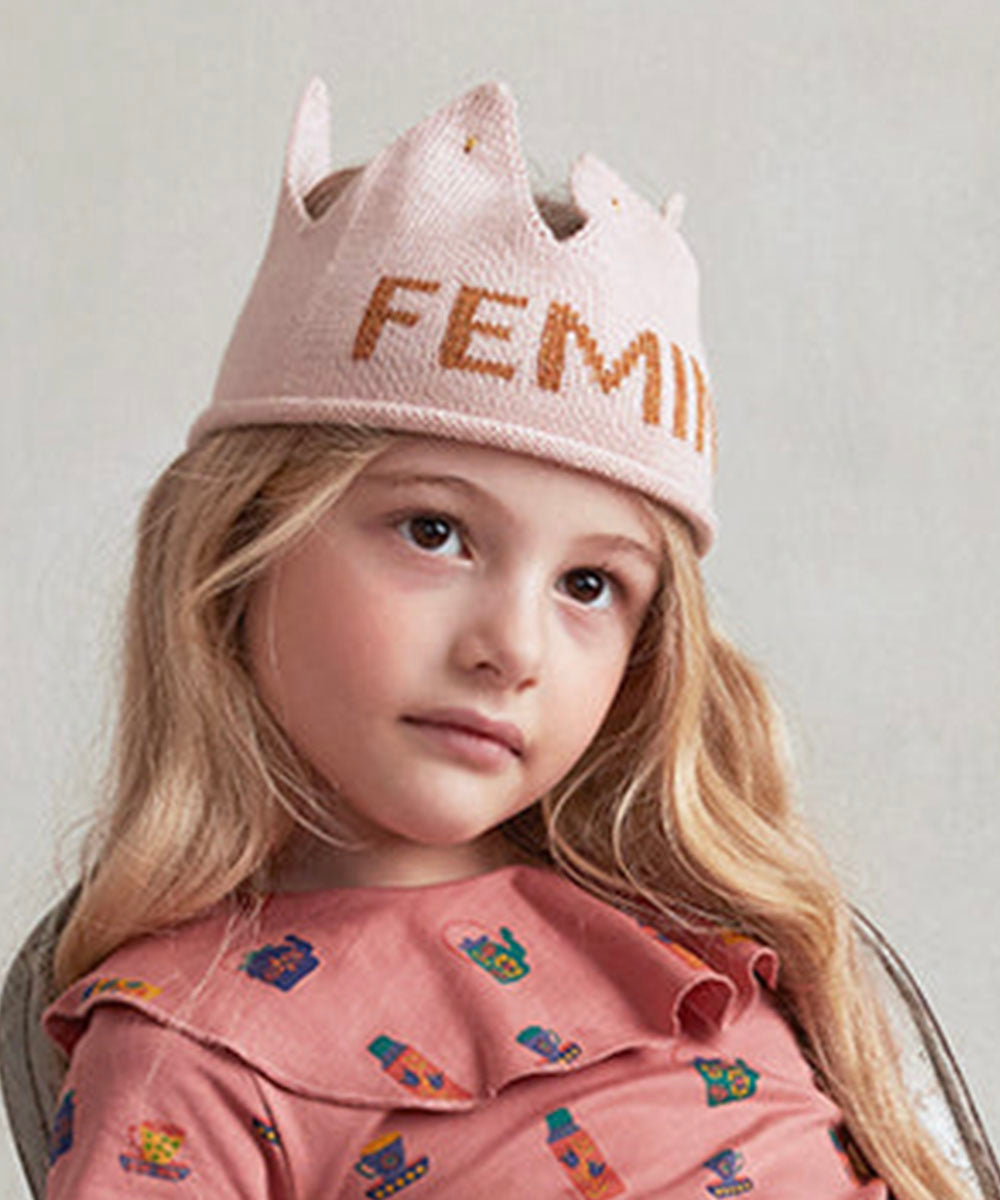 Young girl wearing the Feminist Crown, a pink hat with "FEMIN" on it, paired with a pink dress featuring colorful patterns.
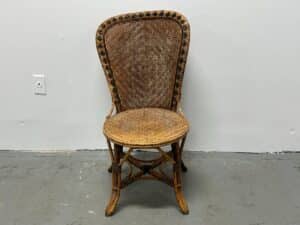A wicker chair with a decorative backrest against a white wall on a gray floor.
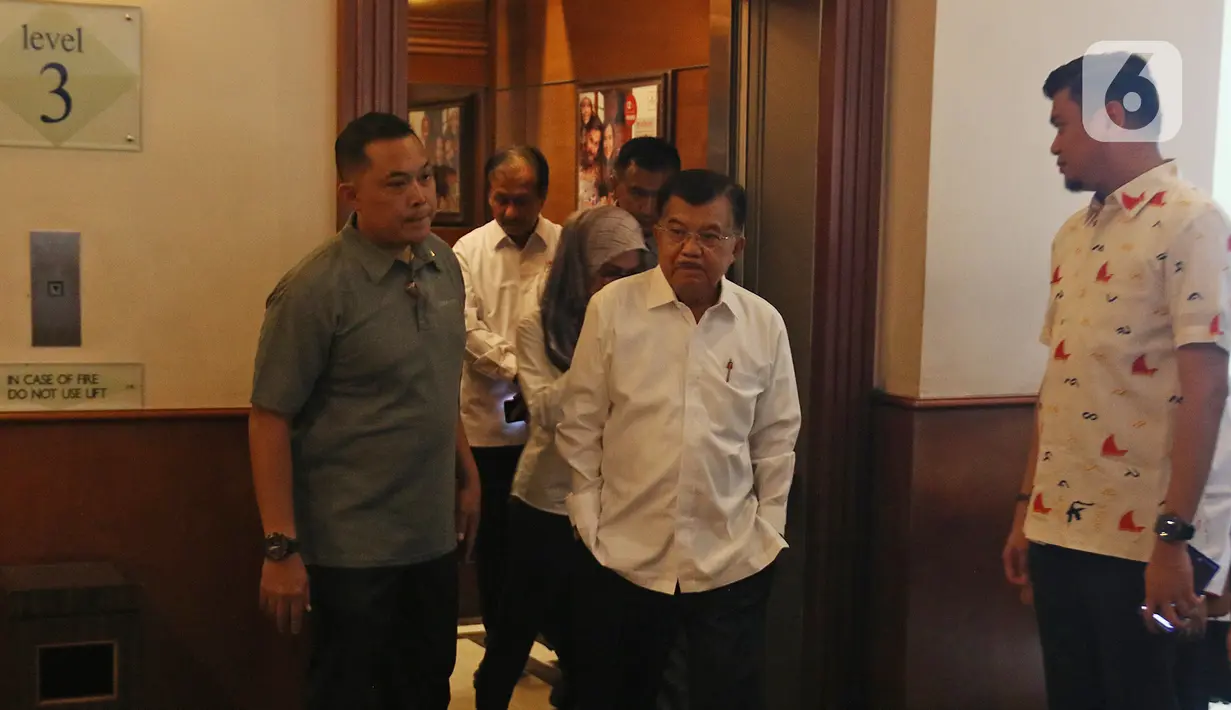 Mantan Wakil Presiden, yang juga Ketua Umum Palang Merah Indonesia (PMI) Jusuf Kalla saat akan menyaksikan jajaran foto kegiatan anggota PMI saat Musyawarah Nasional XXI PMI, di Jakarta, Selasa (17/12/2019). Jusuf Kalla kembali memimpin PMI untuk periode 2019-2024. (Liputan6.com/Herman Zakharia)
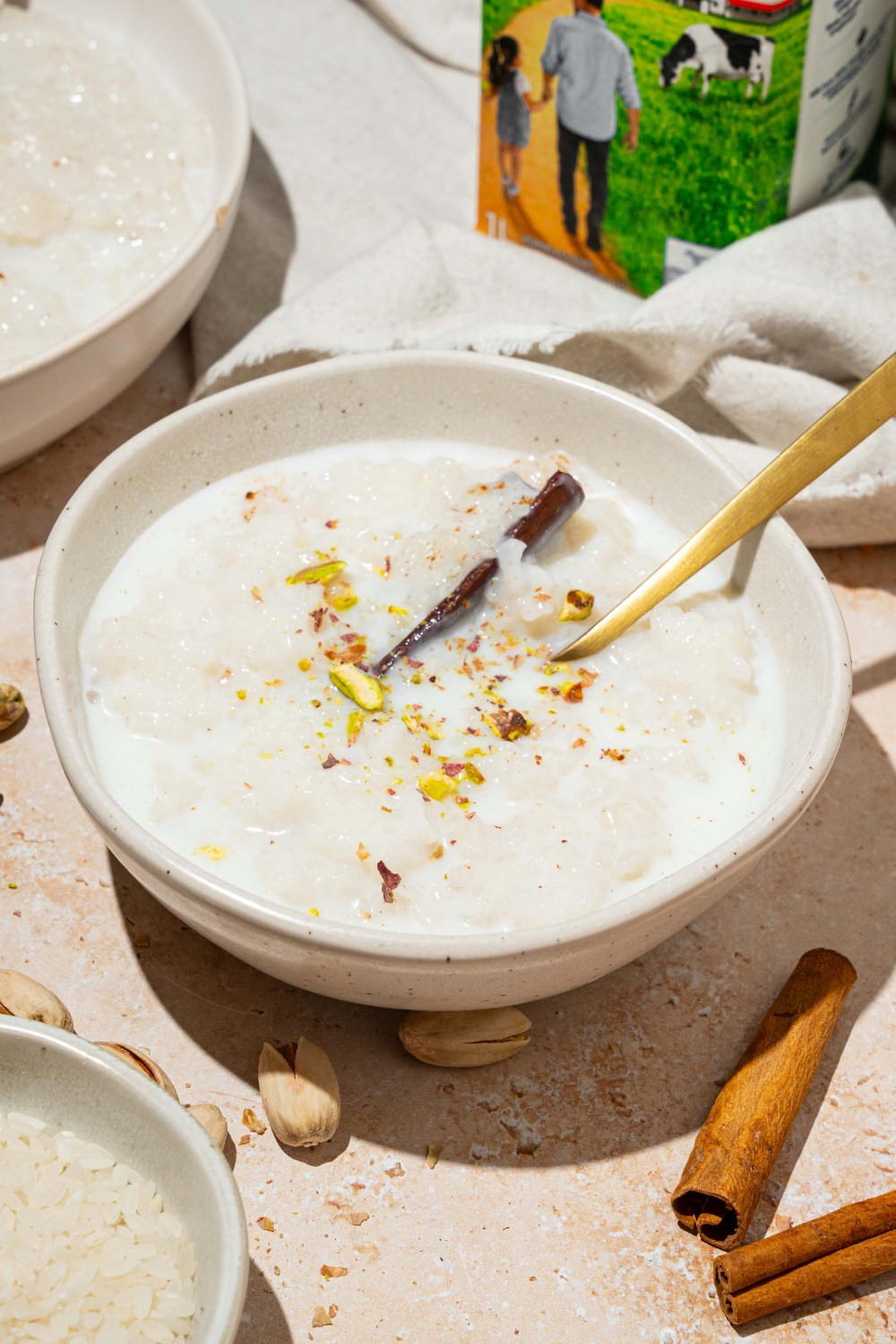 A white bowl with arroz con leche topped with a cinnamon stick and pistachios. There is a spoon in the bowl. The bowl is on a tan counter with an additional bowl of rice and a white cloth napkin.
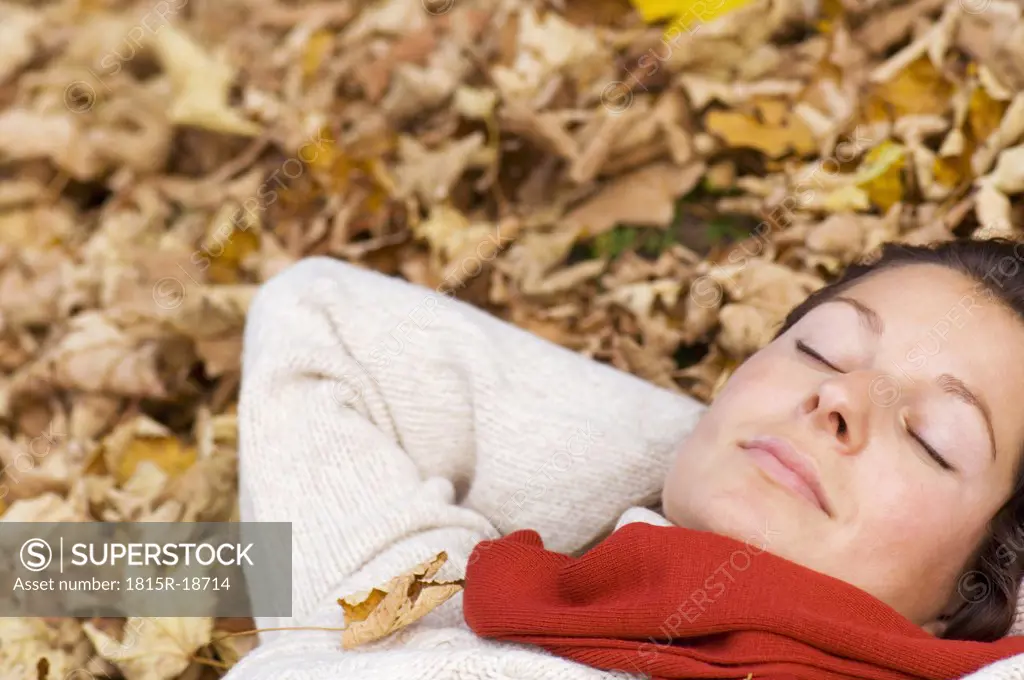 Woman lying on autumn leaves, portrait, close-up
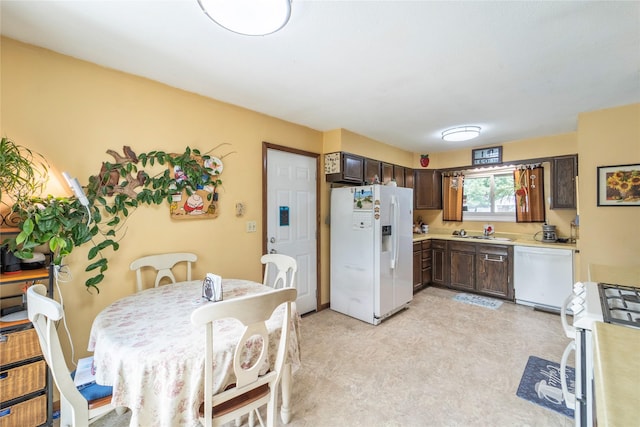 516 Walnut St, De Soto, IA 50069 - kitchen featuring white appliances, dark brown cabinetry, and light countertops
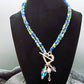 Beaded necklace with a heart toggle closure featuring charms on a black mannequin against a neutral background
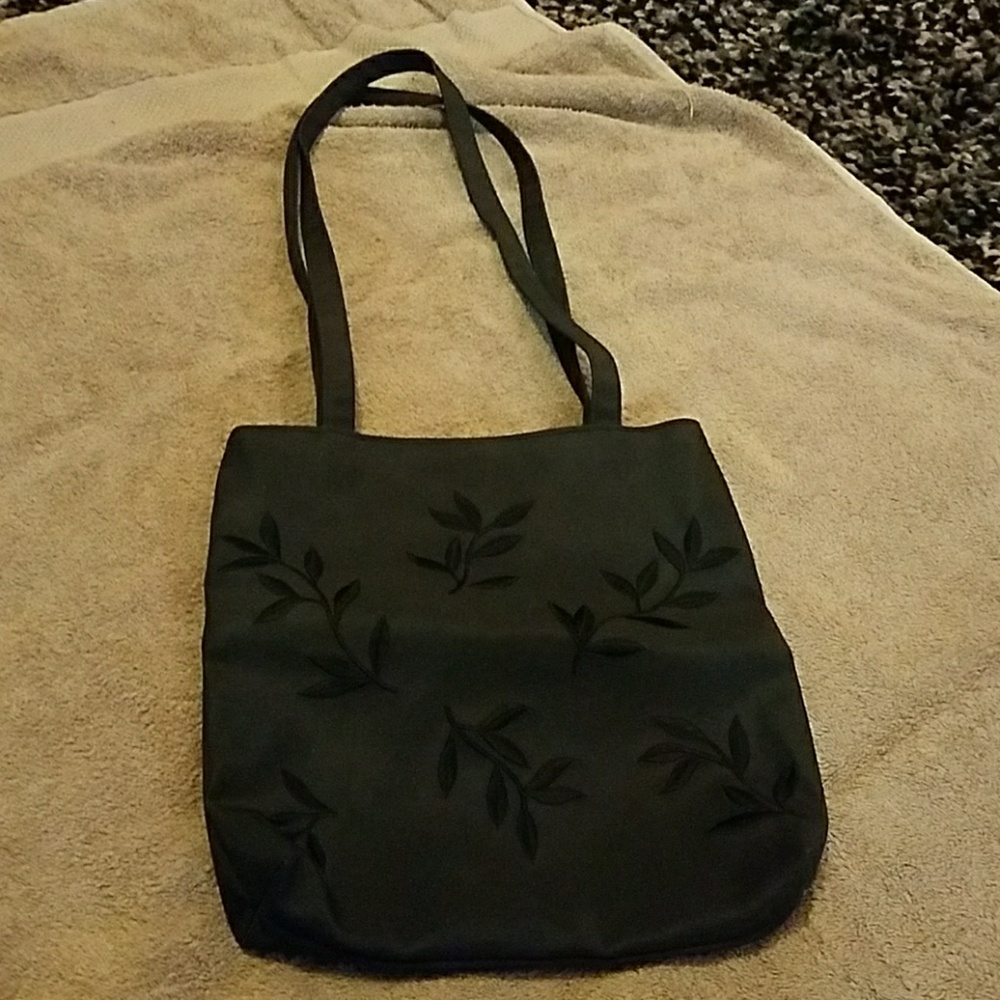 Black purse with embroidered leaf pattern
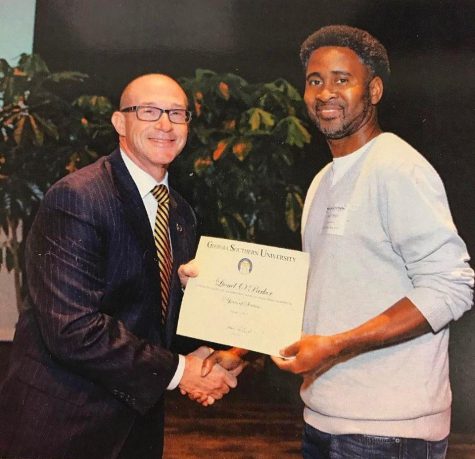 Lionel Parker (right) receives a service award from former GS President Jaimie Hebert (left). Parker received the award for ten years of service at GS.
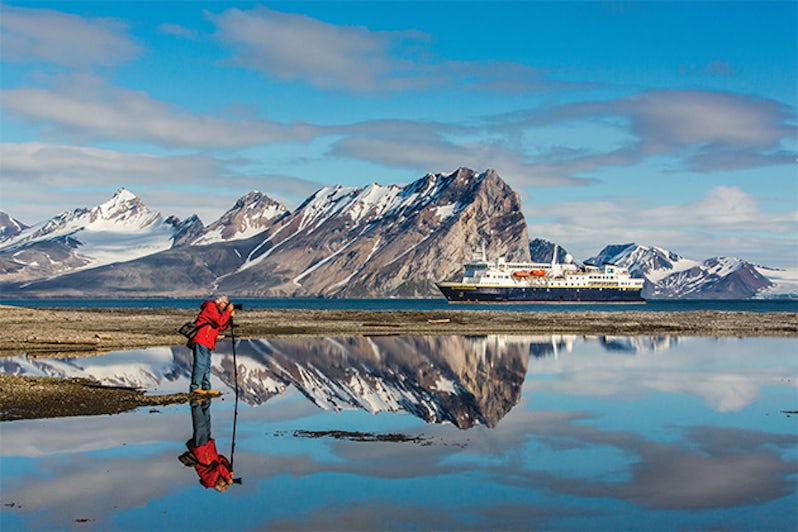 Man photographing Arctic landscape with National Geographic Explorer and mountainous landscape in the background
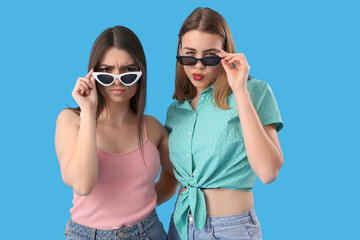 Female friends in sunglasses on blue background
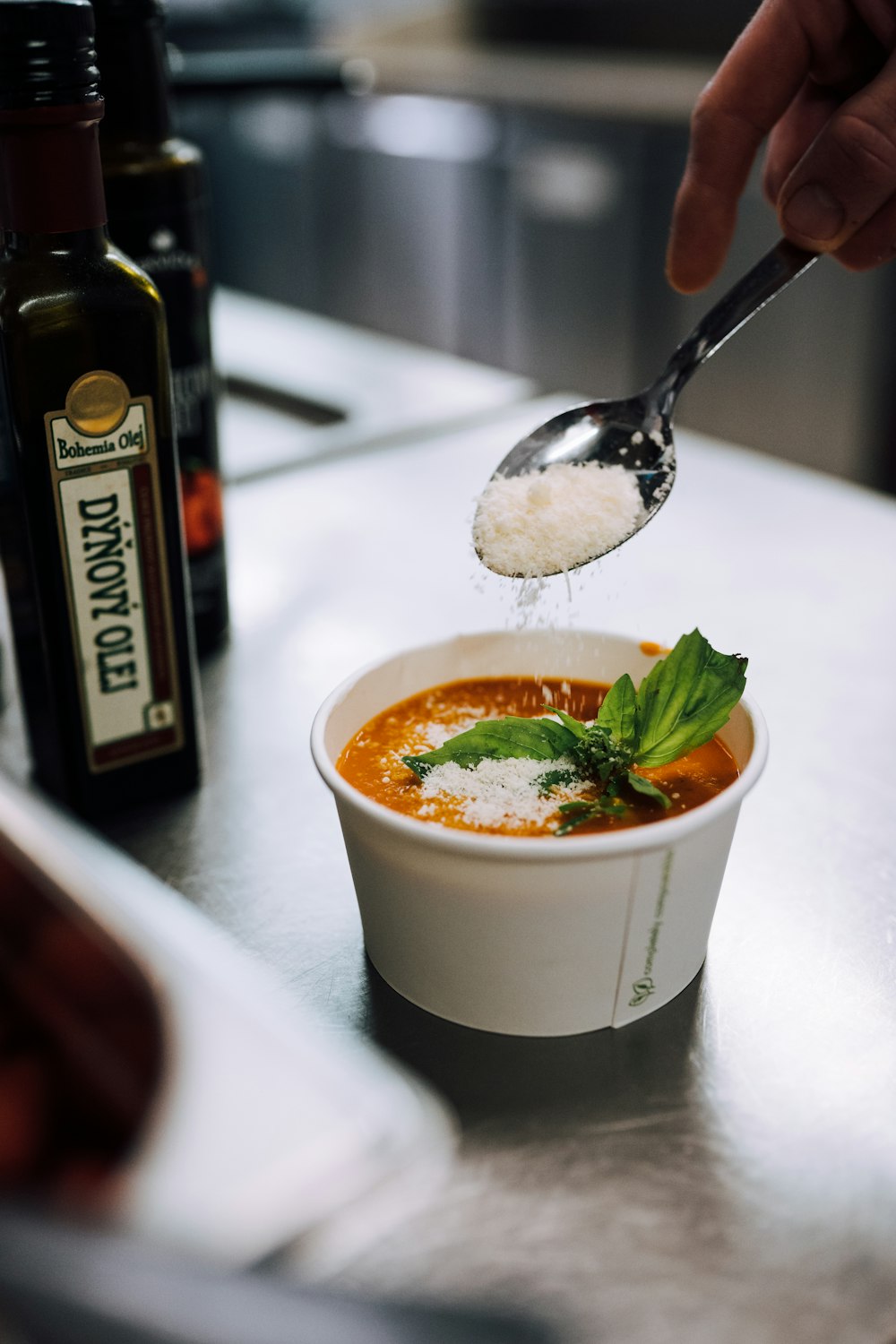 person pouring seasoning on white cup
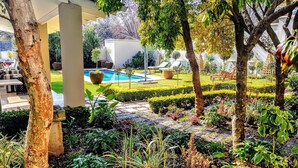 A well-maintained garden with a pool, neatly trimmed hedges, and a variety of plants. - Q on First (Johannesburg)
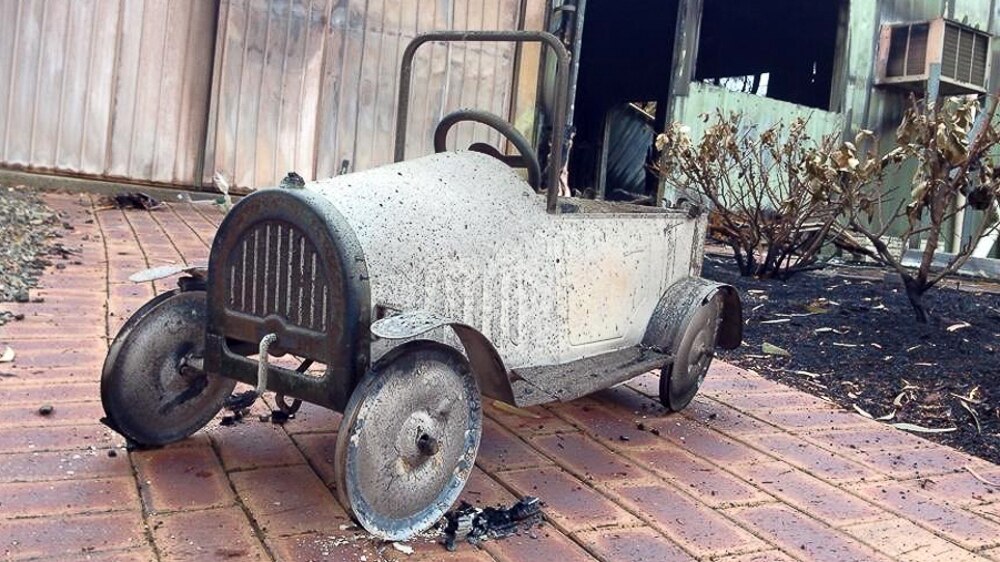 Eliza and Gracie's vintage pushcar was destroyed in the Sampson Flat bushfire.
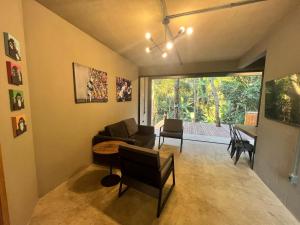Monkey Lodge - Casa na Mata في ريو دي جانيرو: غرفة معيشة مع أريكة وطاولة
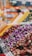 A vibrant market scene features a variety of colorful spices and dried flowers organized in large piles. The foreground showcases purple rosebuds, while warm tones of reds, yellows, and greens create a lively and aromatic atmosphere. Blurred backgrounds suggest bustling activity.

+++

_Exercise instructions:_ Write out exactly the lines between the start of the data and the line with "Eliza and Gracie's", including both, but none of the pictures.

_Solution below:_
 Young girl wearing the Feminist Crown, a pink hat with "FEMIN" on it, paired with a pink dress featuring colorful patterns.
A wicker chair with a decorative backrest against a white wall on a gray floor.
 Mantan Wakil Presiden, yang juga Ketua Umum Palang Merah Indonesia (PMI) Jusuf Kalla saat akan menyaksikan jajaran foto kegiatan anggota PMI saat Musyawarah Nasional XXI PMI, di Jakarta, Selasa (17/12/2019). Jusuf Kalla kembali memimpin PMI untuk periode 2019-2024. (Liputan6.com/Herman Zakharia)
 A white bowl with arroz con leche topped with a cinnamon stick and pistachios. There is a spoon in the bowl. The bowl is on a tan counter with an additional bowl of rice and a white cloth napkin.
 Woman lying on autumn leaves, portrait, close-up
 516 Walnut St, De Soto, IA 50069 - kitchen featuring white appliances, dark brown cabinetry, and light countertops
 Beaded necklace with a heart toggle closure featuring charms on a black mannequin against a neutral background
 Black purse with embroidered leaf pattern
 Lionel Parker (right) receives a service award from former GS President Jaimie Hebert (left). Parker received the award for ten years of service at GS.
 Man photographing Arctic landscape with National Geographic Explorer and mountainous landscape in the background
 Female friends in sunglasses on blue background
 person pouring seasoning on white cup
 A well-maintained garden with a pool, neatly trimmed hedges, and a variety of plants. - Q on First (Johannesburg)
 Eliza and Gracie's vintage pushcar was destroyed in the Sampson Flat bushfire.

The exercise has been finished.